▶ **ASSIGNMENT**
Your answer must be the lines of the material below, exactly as written, from its first line through the line with "Japanese Geisha Ninja", and no pictures.

START SUPPLIED INFORMATION

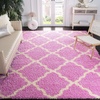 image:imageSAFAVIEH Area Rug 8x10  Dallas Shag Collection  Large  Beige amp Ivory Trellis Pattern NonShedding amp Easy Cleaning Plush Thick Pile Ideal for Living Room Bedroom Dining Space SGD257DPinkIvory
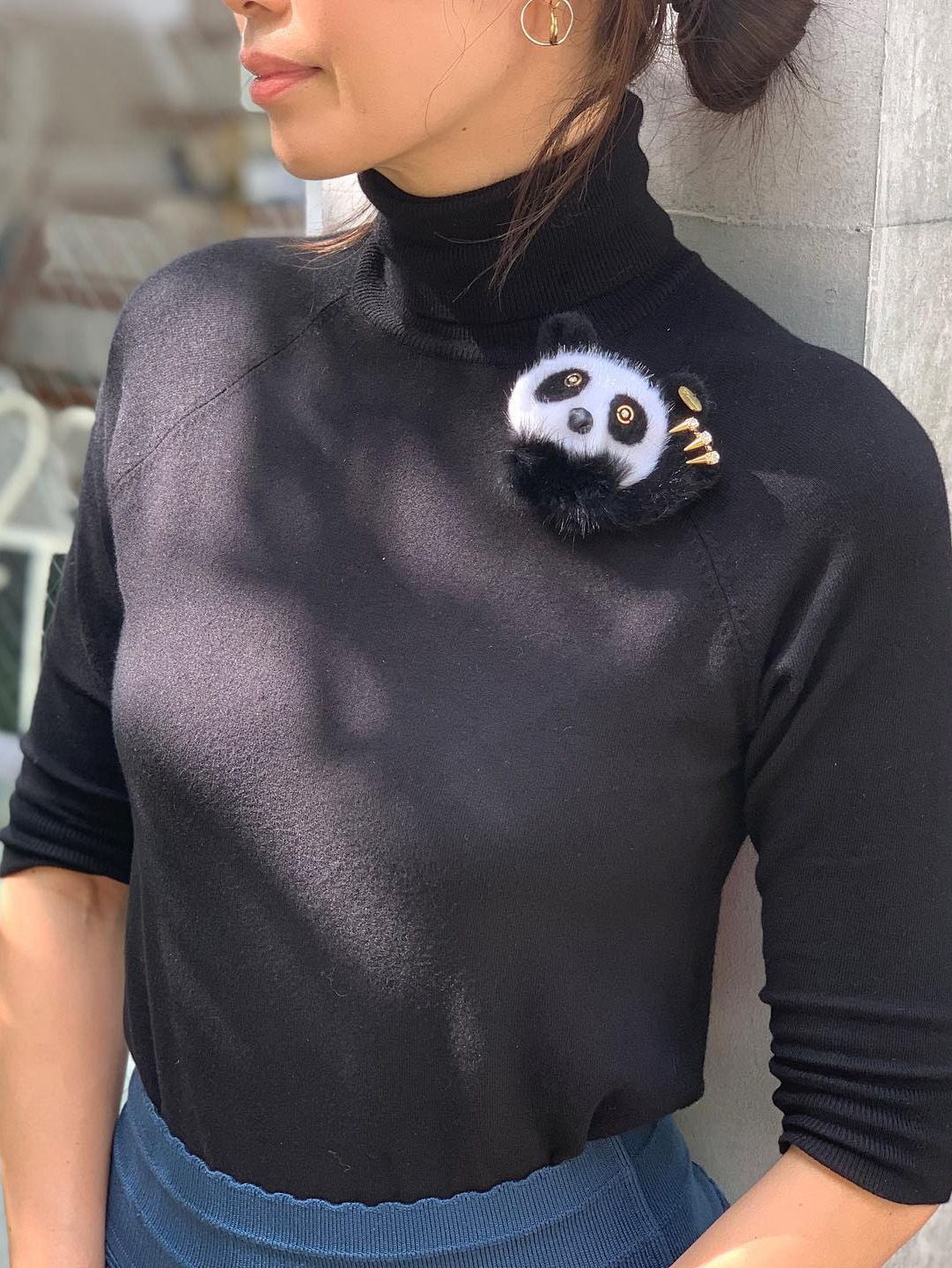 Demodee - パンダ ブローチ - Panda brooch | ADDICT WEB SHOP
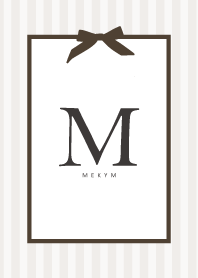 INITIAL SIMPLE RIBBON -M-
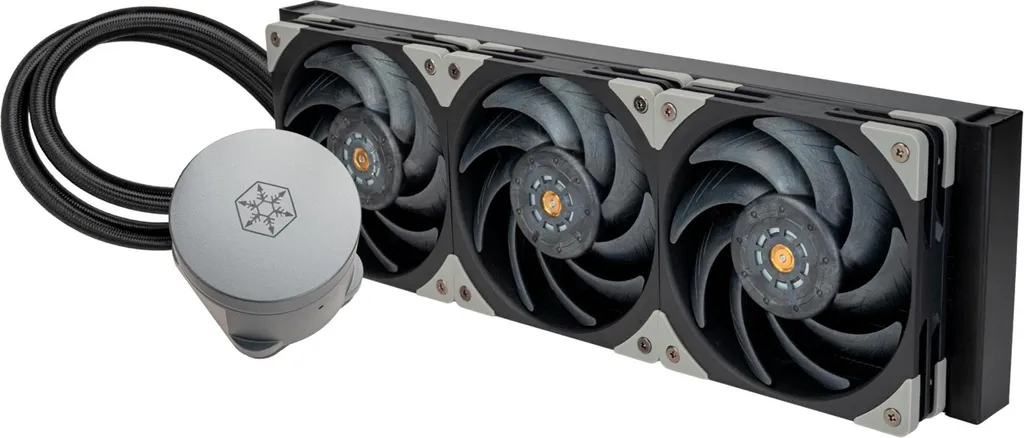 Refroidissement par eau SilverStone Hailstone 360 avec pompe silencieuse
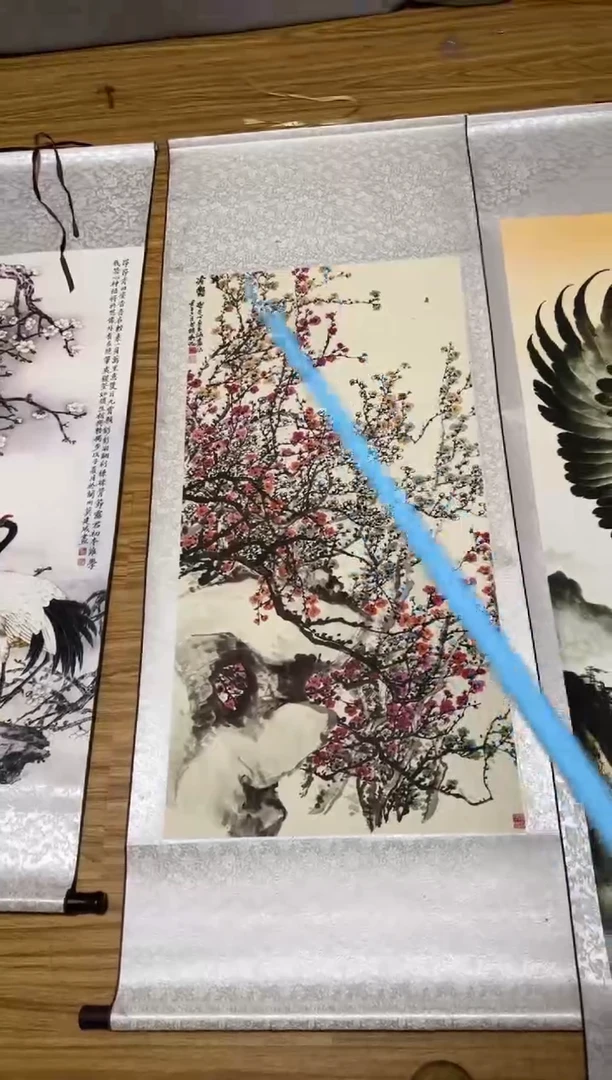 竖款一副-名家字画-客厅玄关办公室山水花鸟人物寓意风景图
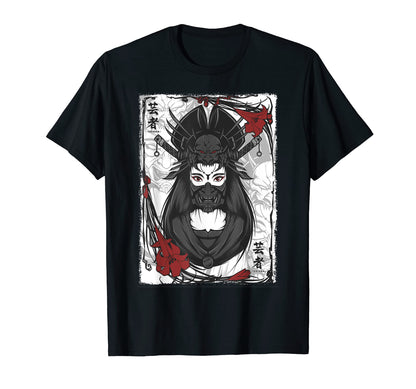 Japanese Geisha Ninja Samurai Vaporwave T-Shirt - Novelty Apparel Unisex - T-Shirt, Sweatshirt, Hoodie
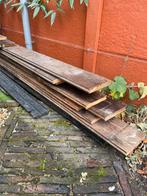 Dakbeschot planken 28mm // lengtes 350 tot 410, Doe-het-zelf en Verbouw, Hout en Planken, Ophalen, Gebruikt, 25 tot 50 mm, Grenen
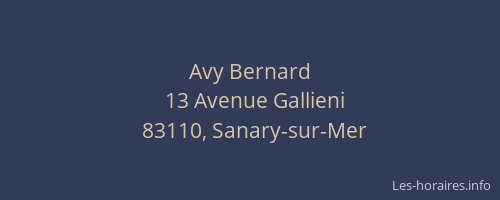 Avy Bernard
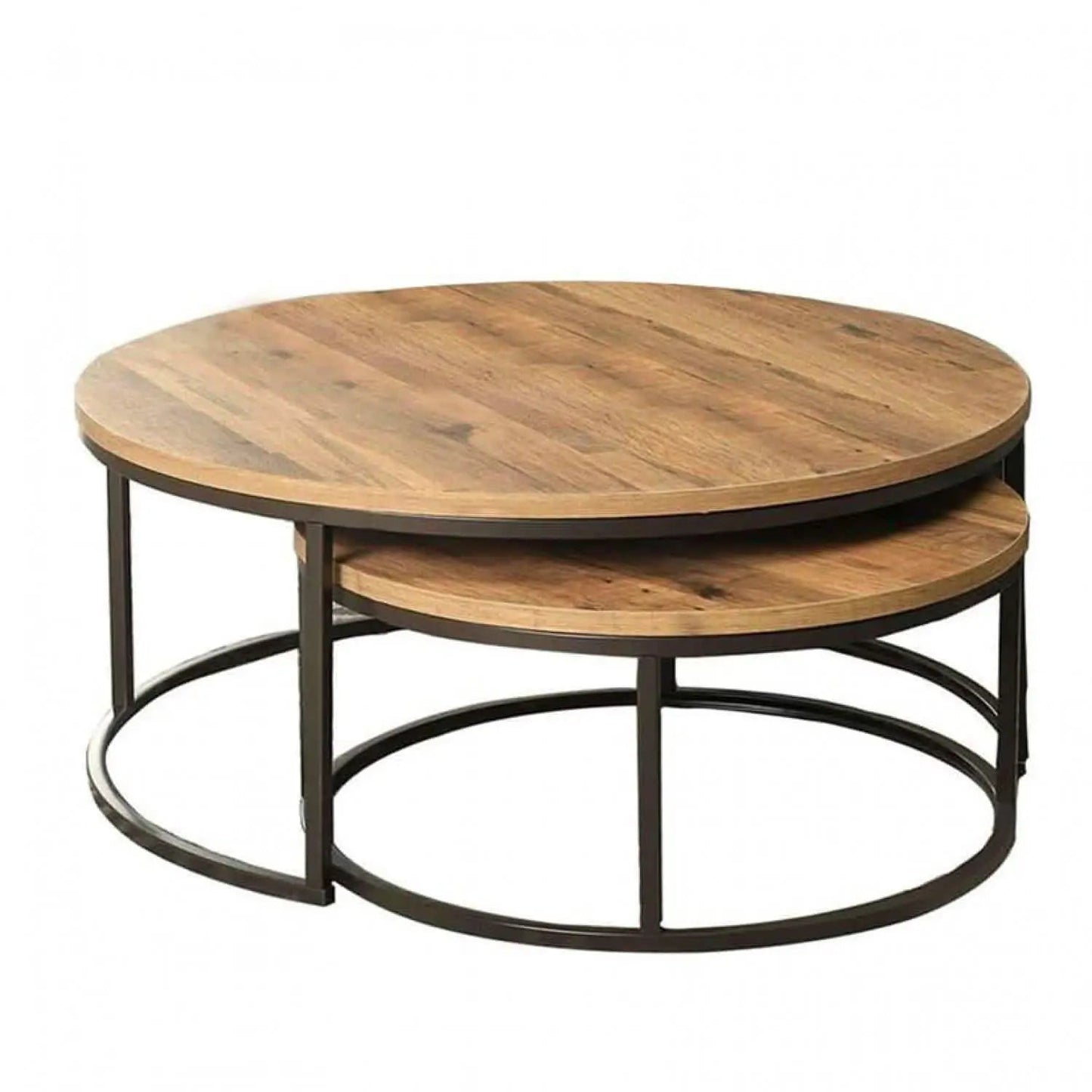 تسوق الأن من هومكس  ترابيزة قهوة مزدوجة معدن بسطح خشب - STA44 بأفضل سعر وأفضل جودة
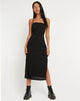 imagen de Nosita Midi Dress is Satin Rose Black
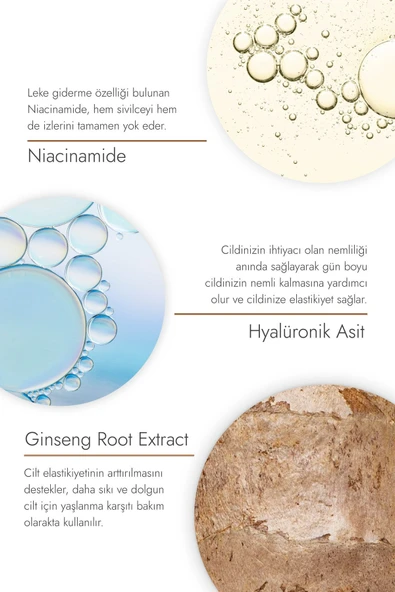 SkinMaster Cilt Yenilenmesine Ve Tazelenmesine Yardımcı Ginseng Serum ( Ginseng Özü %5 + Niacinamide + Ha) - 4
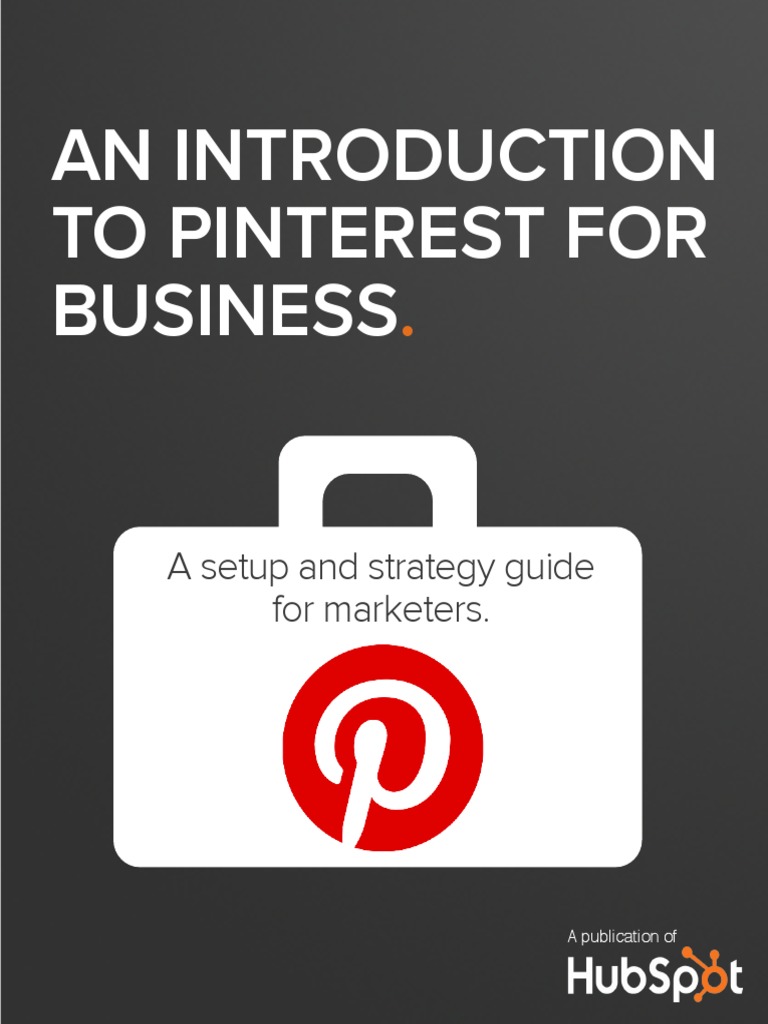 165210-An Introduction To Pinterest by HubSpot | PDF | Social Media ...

END SUPPLIED INFORMATION

▶ **RESPONSE TO THIS TASK**
 image:imageSAFAVIEH Area Rug 8x10  Dallas Shag Collection  Large  Beige amp Ivory Trellis Pattern NonShedding amp Easy Cleaning Plush Thick Pile Ideal for Living Room Bedroom Dining Space SGD257DPinkIvory
 Demodee - パンダ ブローチ - Panda brooch | ADDICT WEB SHOP
 INITIAL SIMPLE RIBBON -M-
 Refroidissement par eau SilverStone Hailstone 360 avec pompe silencieuse
 竖款一副-名家字画-客厅玄关办公室山水花鸟人物寓意风景图
 Japanese Geisha Ninja Samurai Vaporwave T-Shirt - Novelty Apparel Unisex - T-Shirt, Sweatshirt, Hoodie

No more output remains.